***** STORED DATA

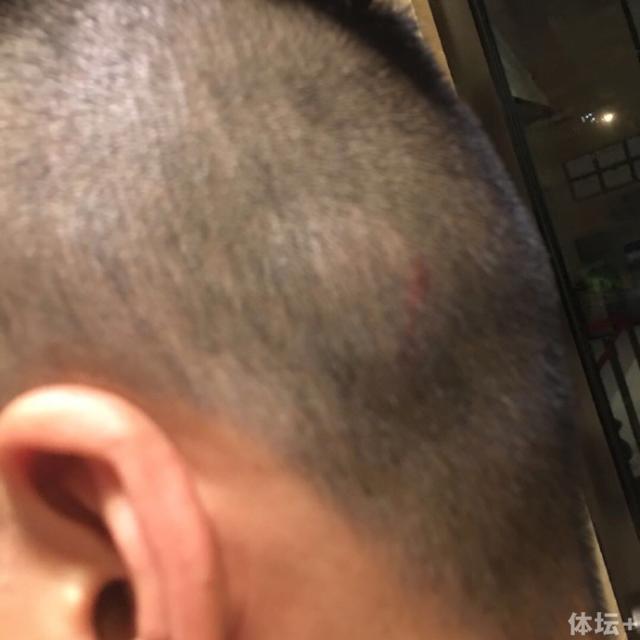 1473653078706051803.jpg 62713481gw1f7q3onfuwfj20qo0qoju9.jpg
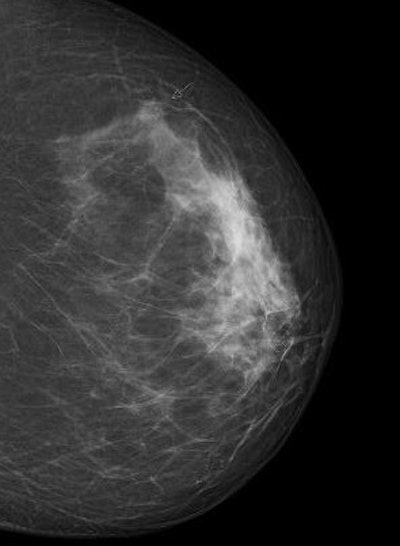 Digital screening mammogram of a 50-year-old woman taking part in the program for the first time. An invasive carcinoma was found, with precancerous microcalcifications nearby. The tumor was at an early stage. All images courtesy of Dr. Walter Heindel and the DRG.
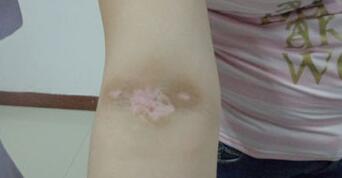 白癜风的典型症状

**********

(WORK REQUIRED): The data is to be returned exactly as it stands, pictures aside.

(RESULT OF THIS EXERCISE):
 1473653078706051803.jpg 62713481gw1f7q3onfuwfj20qo0qoju9.jpg
 Digital screening mammogram of a 50-year-old woman taking part in the program for the first time. An invasive carcinoma was found, with precancerous microcalcifications nearby. The tumor was at an early stage. All images courtesy of Dr. Walter Heindel and the DRG.
 白癜风的典型症状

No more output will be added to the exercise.